Exclusif : Léonnie Kandolo : « Moi, je peux vous trouver 250 femmes avec de compétences même parfois supérieures à celles des hommes qui sont au Parlement actuellement»

Femme militante, influente, courageuse et surtout intelligente, Léonnie Kandolo estime que les femmes compétentes existent bel bien en RDC. Dans une longue et exclusive interview qu’elle accordée à VOXPOPULI.CD, elle explique que la parité n’est qu’une question de volonté politique et des barrières culturelles qui doivent être cassées. Entretien.*

VOXPOPULI.CD : Faire la politique demande du courage. D’après vous Madame Léonnie Kandolo, les femmes congolaises en général sont-elles aussi courageuses ?

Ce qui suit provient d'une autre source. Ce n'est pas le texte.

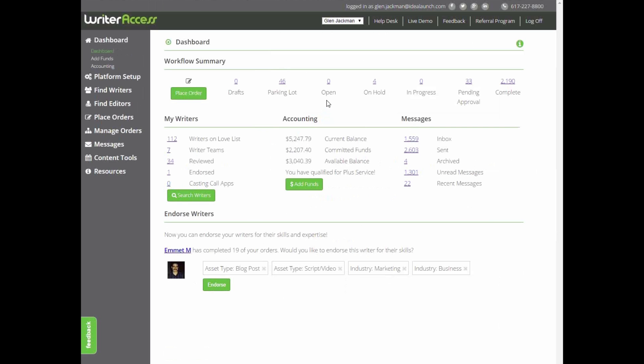That can depend a little on how you placed the order. If you sent it to the crowd, your lovelist, or a team, the order will move immediately to the open queue, meaning any of the eligible writers can pick it up pronto.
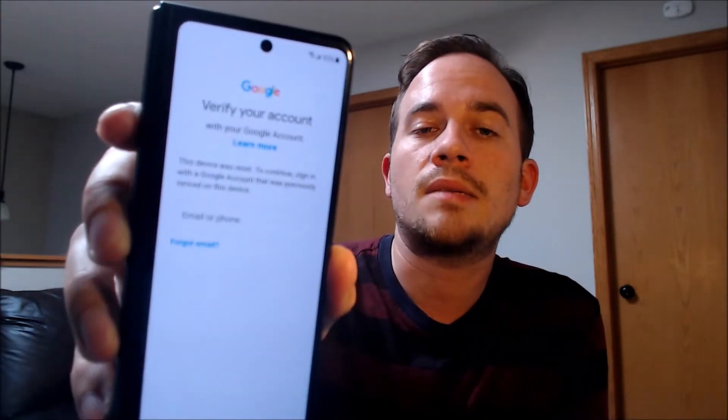We've been contacted by tons of customers over the years asking for assistance with this specific issue on this specific model — usually either because they accidentally got locked out of their own device and couldn't remember or recover their login information after doing a factory reset, or because they purchased the device used from a dishonest seller who didn't tell them that the device was locked.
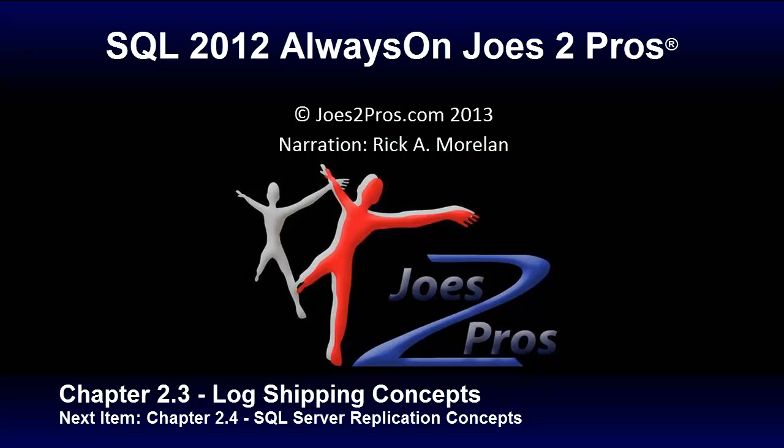And that was Chapter 2.3 on Log Shipping Concepts. Our next item? Chapter 2.4 Replication Concepts.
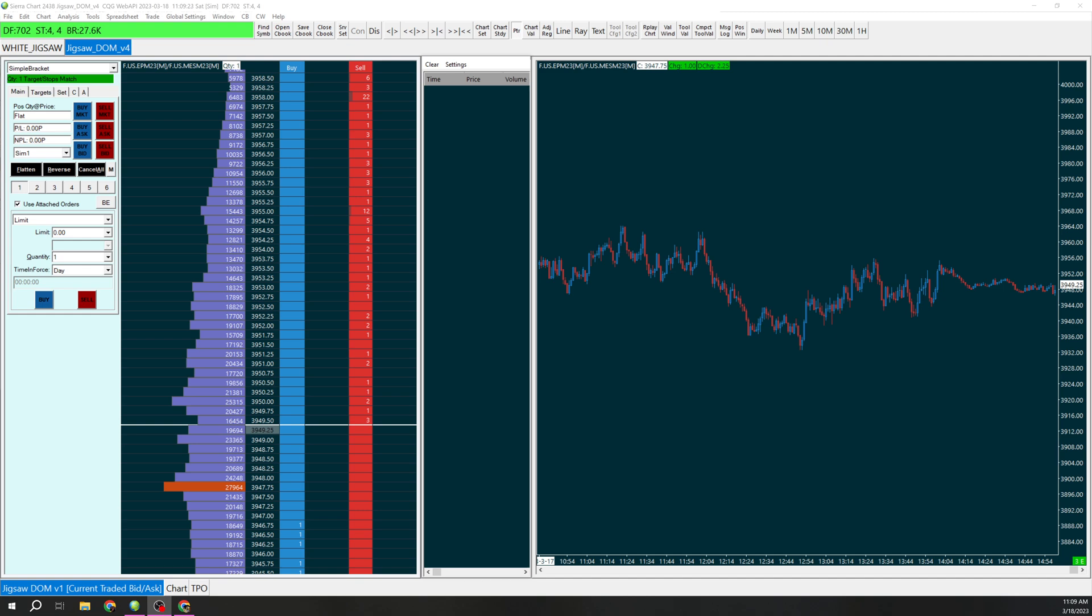Hey guys, I'm going to show you how to create a bracket in Sierra where the stop will stop us out of everything.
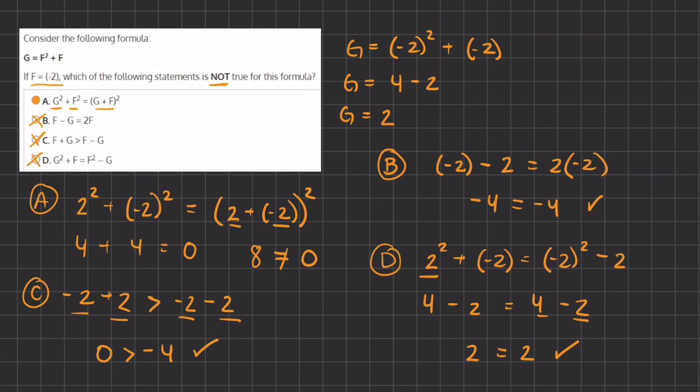Therefore D is not going to be the correct answer because we are looking for the non-true statement. A remains our final answer as the non-true statement.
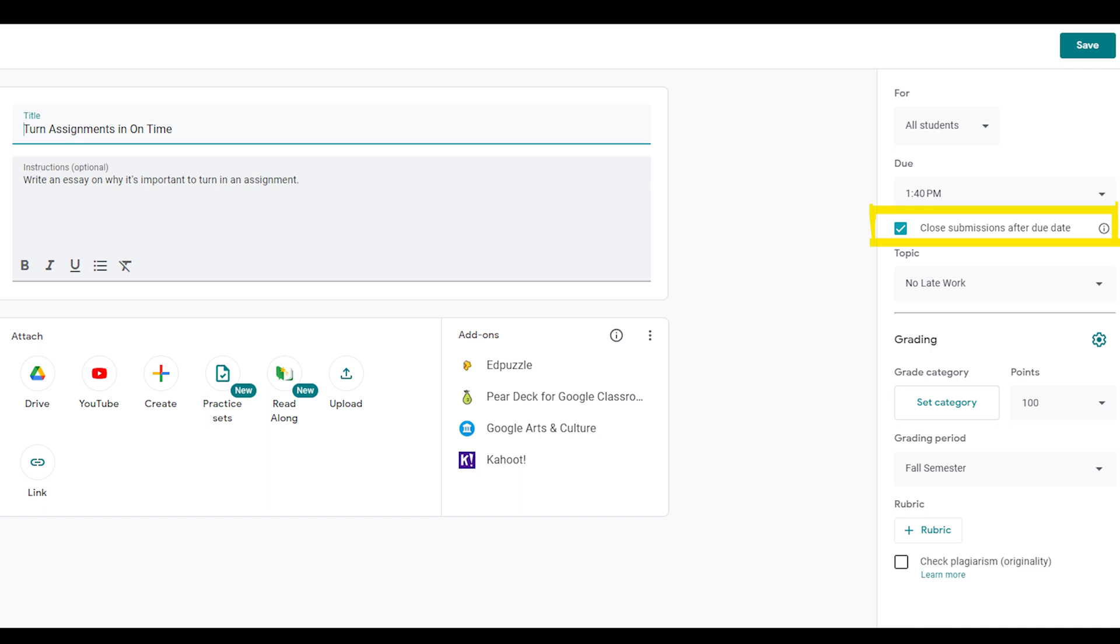What does that mean? In a nutshell, it doesn't allow a student to click the mark as done button and submit late work. Sort of, but we'll come back to that later.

LEONNIE KANDOLO : Je pense que tout engagement demande du courage, que ce soit un engagement dans la société civile ou un engagement dans la politique. Le problème est qu’il y a très peu de femmes congolaises qui émergent en politique et peuvent servir d’exemple. Cela parce que le milieu politique est un espace assez fermé où souvent on ne laisse pas aux femmes beaucoup de places. On a qu’à le voir au sein des partis politiques. Alors qu’il y a beaucoup de femmes, lorsqu’il y a nomination on ne voit que très peu leurs noms. Quand les chefs des partis choisissent de personnes pour être candidats, il y a très peu de femmes que l’on met en avant.

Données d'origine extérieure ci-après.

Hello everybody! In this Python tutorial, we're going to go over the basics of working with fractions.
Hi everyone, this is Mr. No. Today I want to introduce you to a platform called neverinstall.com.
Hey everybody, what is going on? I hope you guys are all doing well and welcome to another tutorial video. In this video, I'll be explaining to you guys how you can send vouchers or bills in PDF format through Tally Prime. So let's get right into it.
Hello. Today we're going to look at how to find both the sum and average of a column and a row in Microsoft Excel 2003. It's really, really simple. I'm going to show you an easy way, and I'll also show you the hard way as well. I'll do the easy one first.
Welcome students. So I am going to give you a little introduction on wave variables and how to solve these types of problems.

La femme politique n’est pas encore assez représentée en RDC. Et ce n’est pas de sa faute, mais celle d’un système. La loi est avec nous, la loi sur la parité est avec les femmes pour une représentation paritaire, mais, par contre, la loi électorale n’encourage pas la parité. Par exemple, le seuil de représentativité est un handicap pour les femmes, et s’il n’y a pas de femmes sur la liste, il n’y a pas de sanction… Enfin de compte, il faut arriver à modifier la loi. Ce qui est encore plus difficile, c’est au niveau des nominations. Vous voyez bien qu’on ne nomme que peu de femmes. Je prends le dernier exemple. On vient de nommer les nouveaux procureurs, on n’a pas nommé une seule femme. Pourtant, il y a des femmes hauts magistrats, il y en a plusieurs qui ont atteint un haut degré dans la magistrature, elles sont sorties de mêmes écoles que les magistrats hommes qui viennent d’être nommés. Mais, on a fait le choix, je crois sur les huit nominations (je ne suis plus sûr du nombre), aucune femme ! C’est ça qui fait qu’il est très difficile aux femmes de devenir des modèles. Être une femme politique demande énormément du courage, mais aussi beaucoup d’éthique et une vision.

Comment les femmes peuvent-elles briser les barrières ?

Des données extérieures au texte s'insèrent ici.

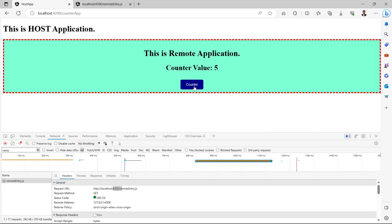After saving all files, we can see that the remote application is rendering inside the host application. The host runs on port 4200 while the remote comes from the remoteEntry.js file on port 4300. The counter button works fine. The counter value is currently a local state of the remote application. In later videos, we'll handle this state from the host application and vice versa, to understand how to share state between host and remote applications. See you in the next video!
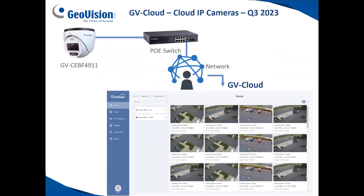The third option coming soon from GeoVision is a line of direct-to-cloud IP cameras. The GV-CEBF4911 is one example of the camera models in this series. This simplifies things even further — you do not need a VMS server on site, you do not need a cloud bridge. All you need is the camera, a PoE switch, plug into your network, and go straight up to the cloud. You can put an SD card in the camera for local recording, as well as purchase cloud storage, giving you both local and cloud backup.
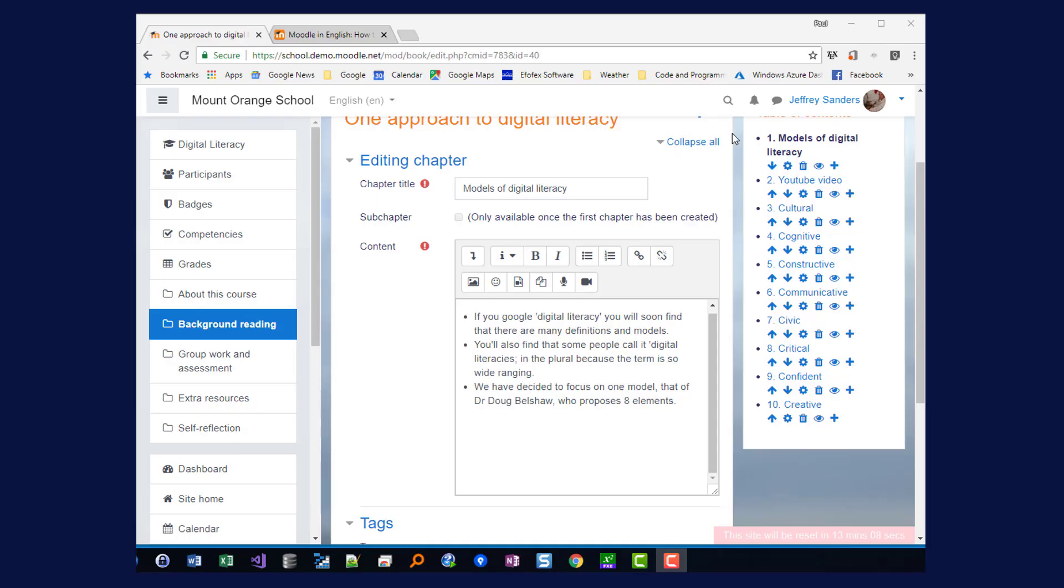In this video we're going to look at how to use FX Equation with Moodle. To begin we need to actually have our Moodle open. And here I've got a particular chapter all set to edit.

Le vrai problème est culturel parce que les femmes congolaises, la majorité, même quand elles ont étudié, quand elles ont des diplômes universitaires, je ne sais pas si elles se sentent réellement les égales des hommes.  Parce que beaucoup de filles sortent des universités avec des diplômes, vous leur demandez quelle est votre ambition, elles vous disent « mon ambition c’est de me marier ». Déjà, il y a une erreur quelque part. Dans les partis politiques, souvent les femmes ne prennent pas la parole. Elles ont peur, elles sont là comme des figurantes et servent de marchepied. Et peut-être qu’elles attendent un peu trop qu’on leur donne. En politique rien ne se donne, tout s’arrache. Je crois que c’est cela le problème. Il  y a des partis politiques qui sont dirigés par de femmes, bien sûr. Est-ce que ces partis-là sont assez forts et font-ils la promotion des femmes ? Parce qu’en politique, en RDC pour être fort, il faut avoir la force financière. Souvent les femmes n’ont pas ce poids financier. Et cela joue aussi beaucoup parce que pour faire une campagne électorale ça coute très cher. C’est vous-même qui vous financez, ce n’est pas votre parti. Donc, les partis vont préférer choisir des gens qui ont déjà des moyens financiers pour avoir la meilleure chance de gagner. En général, des femmes ayant des compétences dans tous ces domaines-là préfèrent rester cantonnées dans la société civile ou dans l’entrepreneuriat, au lieu de se lancer en politique.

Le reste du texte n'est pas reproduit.